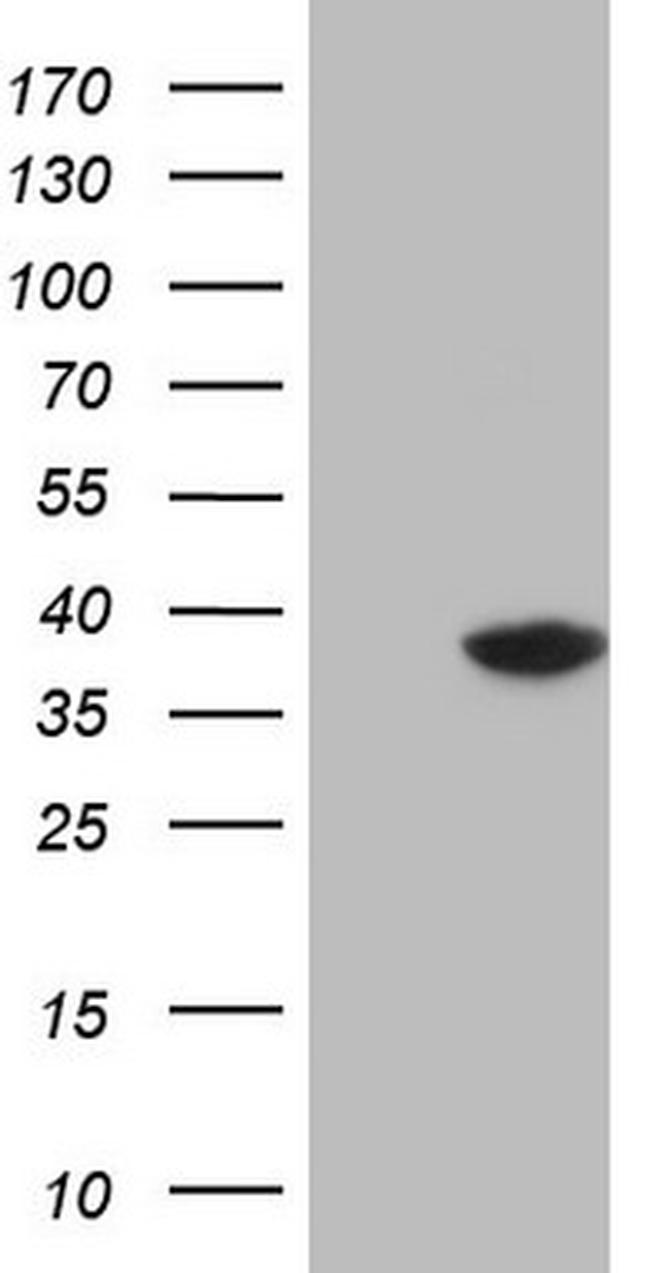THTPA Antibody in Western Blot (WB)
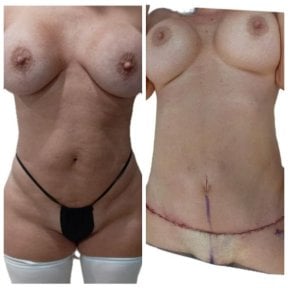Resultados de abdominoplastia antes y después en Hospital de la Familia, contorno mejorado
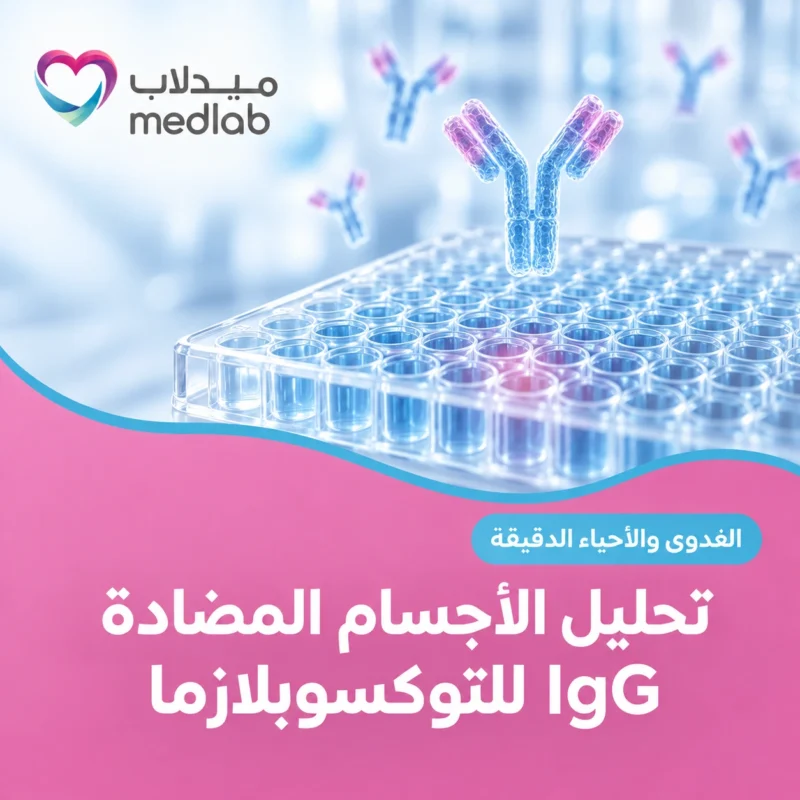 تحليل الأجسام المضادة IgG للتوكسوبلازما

* * *

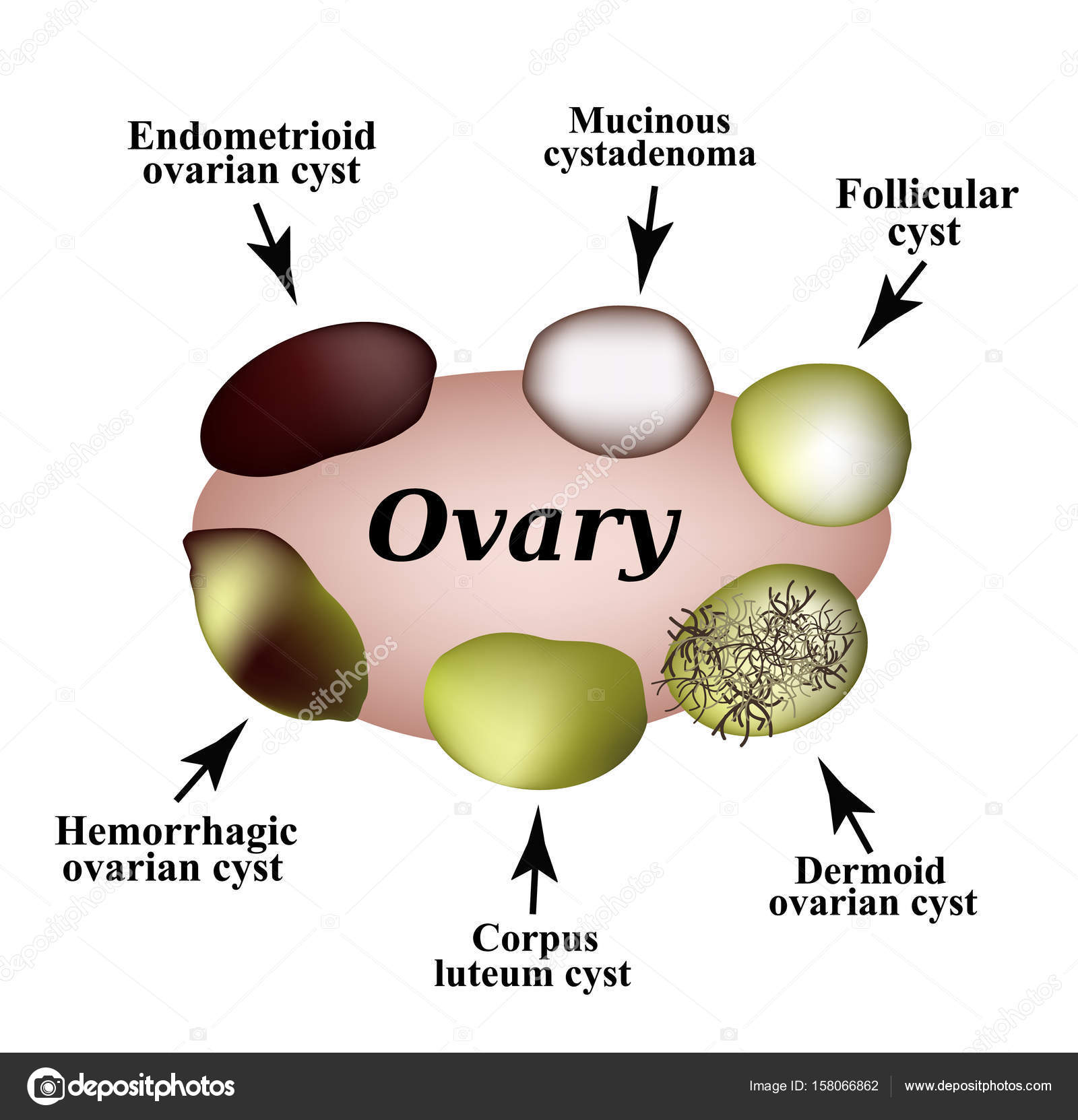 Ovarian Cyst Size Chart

...

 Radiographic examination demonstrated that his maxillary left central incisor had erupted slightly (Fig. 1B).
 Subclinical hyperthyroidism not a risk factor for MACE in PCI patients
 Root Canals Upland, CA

_Problem statement_. Every line above in the stretch from the one with "THTPA Antibody in Western Blot (WB)" through the one with "تحليل الأجسام المضادة IgG للتوكسوبلازما" is to be transcribed exactly, ends included. No picture is copied.

_Final answer_.
THTPA Antibody in Western Blot (WB)
Resultados de abdominoplastia antes y después en Hospital de la Familia, contorno mejorado
 تحليل الأجسام المضادة IgG للتوكسوبلازما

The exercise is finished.